About the Event
Learning a new object class from cluttered training images is very challenging when the location of object instances is unknown (weakly supervised setting). Because of this, previous works generally require objects covering a large portion of the images, such as in the Caltech4 or Weizmann Horses datasets. In the traditional paradigm, each new class is learned from scratch without any knowledge other than what was engineered into the system. In this talk instead, I will explore a scenario where knowledge generic over classes is first learned from images of various classes with given object locations, and then employed to support learning any new class without location annotation. Generic knowledge provides a strong basis which facilitates weakly supervised learning. I will present a novel Conditional Random Field which incorporates generic knowledge and simultaneously localizes object instances while learning an appearance model specific for the new class. As demonstrated experimentally, our approach enables learning from very challenging images containing extensive clutter and large scale and appearance variations between object instances, such as the PASCAL VOC 07. We directly evaluate performance as the percentage of object instances correctly localized in their training images, and compare to several existing methods and baselines. To the best of our knowledge, no earlier method has been demonstrated capable of learning from PASCAL VOC 07 in a weakly supervised setting. During the talk I will also present in depth the most important component of the proposed generic knowledge. This is a generic objectness measure, quantifying how likely it is for an image window to contain an object of any class. It is trained to distinguish objects with a well-defined boundary in space, such as cows and telephones, from amorphous background elements, such as grass and road. It combines several image cues measuring characteristics of objects, such as appearing different from their surroundings and having a closed boundary. In experiments on PASCAL VOC 07, objectness outperforms state-of-the-art saliency measures. Finally, we give an algorithm to employ objectness to greatly reduce the number of windows that class-specific object detectors need to evaluate.

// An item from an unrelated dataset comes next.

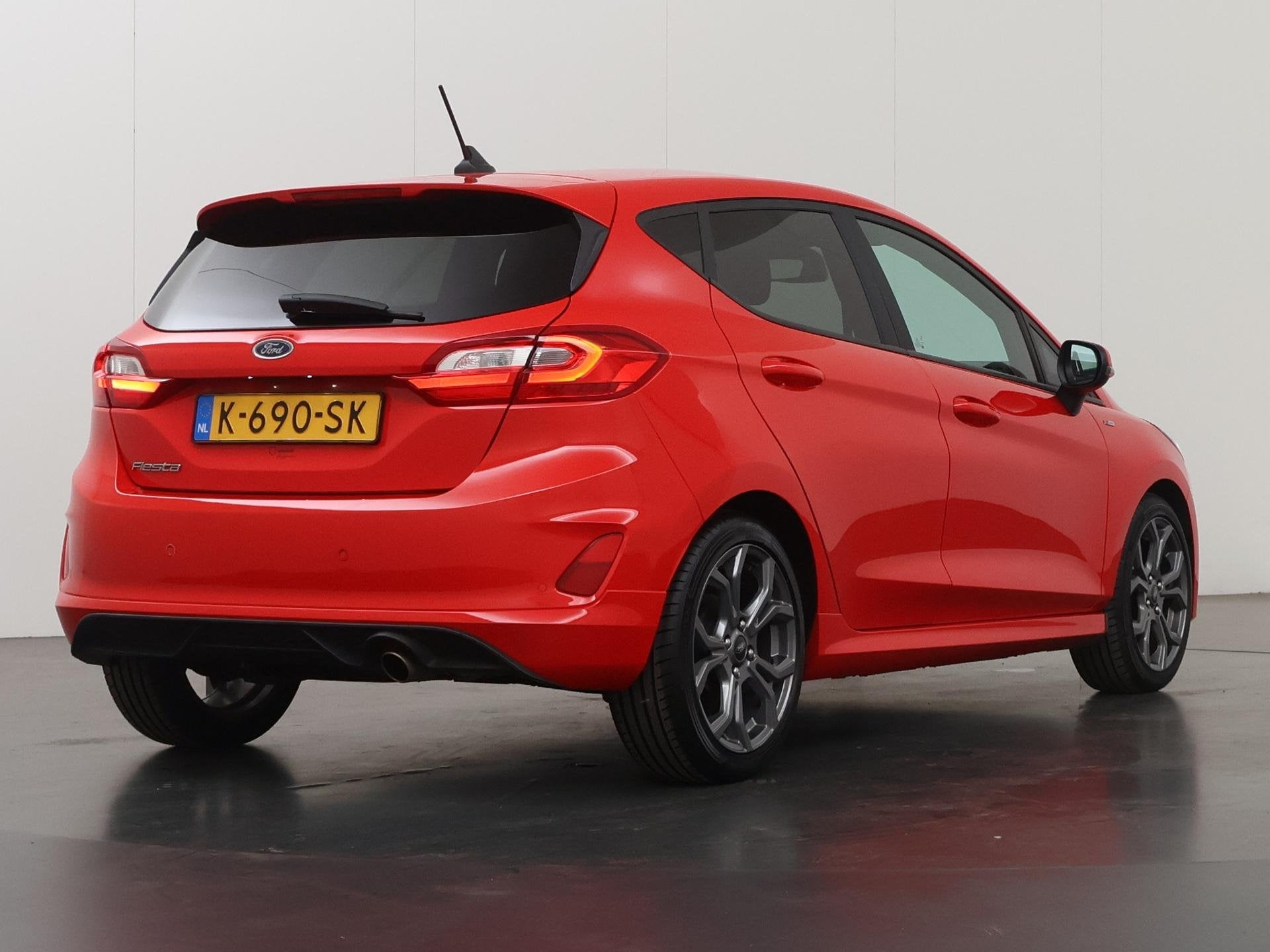 Foto 2 van Ford Fiesta 1.0 EcoBoost ST-Line | Navigatie | Climate Contr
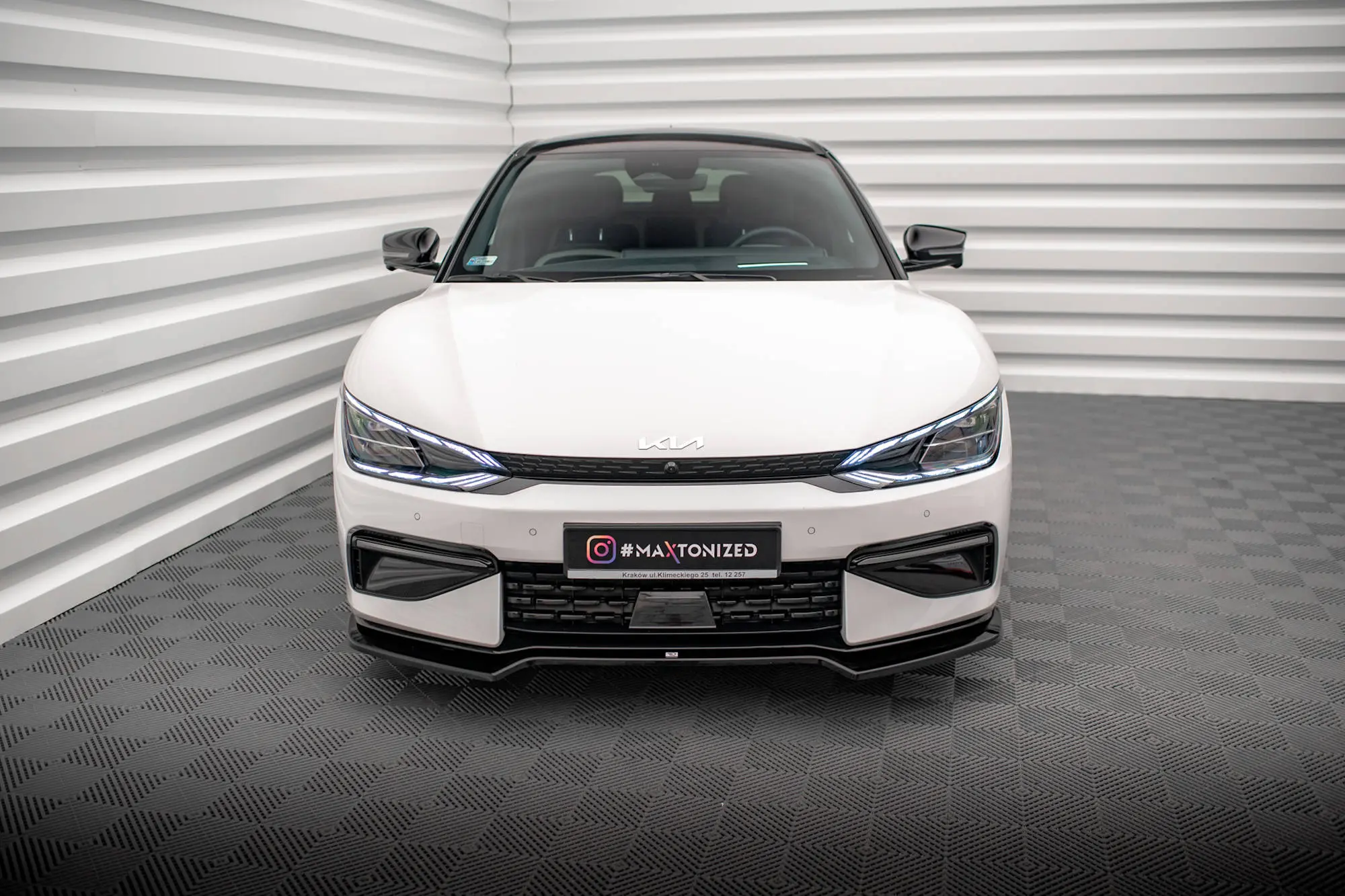Frontspoiler Kia EV6 GT-Line 2021 - 2024 | V.1 Glossy Black Edition – bilde 3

Viittorio Ferrari is an Assistant Professor at the Swiss Federal Institute of Technology Zurich (ETHZ). After receiving his PhD from ETHZ in 2004, he was a post-doctoral researcher at INRIA Grenoble and the University of Oxford. His research interests are in visual learning, human pose estimation, and image-text correspondences. In 2008 he was awarded a Swiss National Science Foundation Professorship grant for outstanding young researchers. He will be an Area Chair for the International Conference on Computer Vision 2011.